Exercise – Set down exactly the lines running from the one with "Villa - Bréscia, Provincia di Brescia" to the last line of the listing below, both included, and skip every picture.

Data shown –
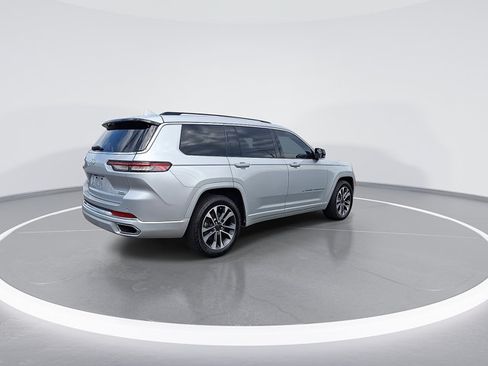 Used 2021 Jeep Grand Cherokee L Overland w/ Luxury Tech Group IV AWD/4WD image 9
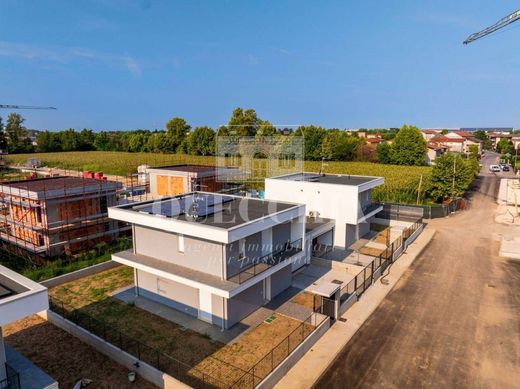 Villa - Bréscia, Provincia di Brescia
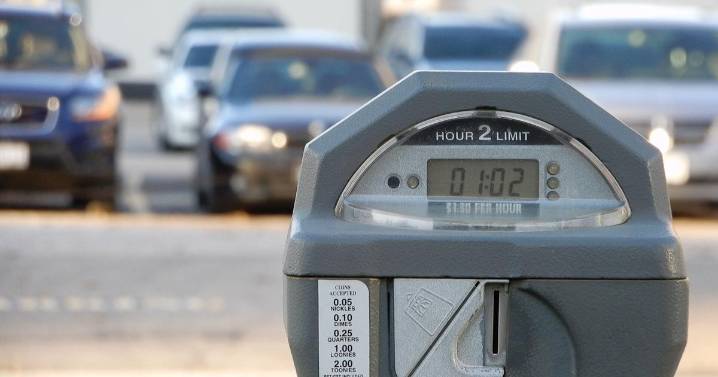 2-Hour free parking aims to drive holiday business in downtown Champaign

Written response –
 Villa - Bréscia, Provincia di Brescia
 2-Hour free parking aims to drive holiday business in downtown Champaign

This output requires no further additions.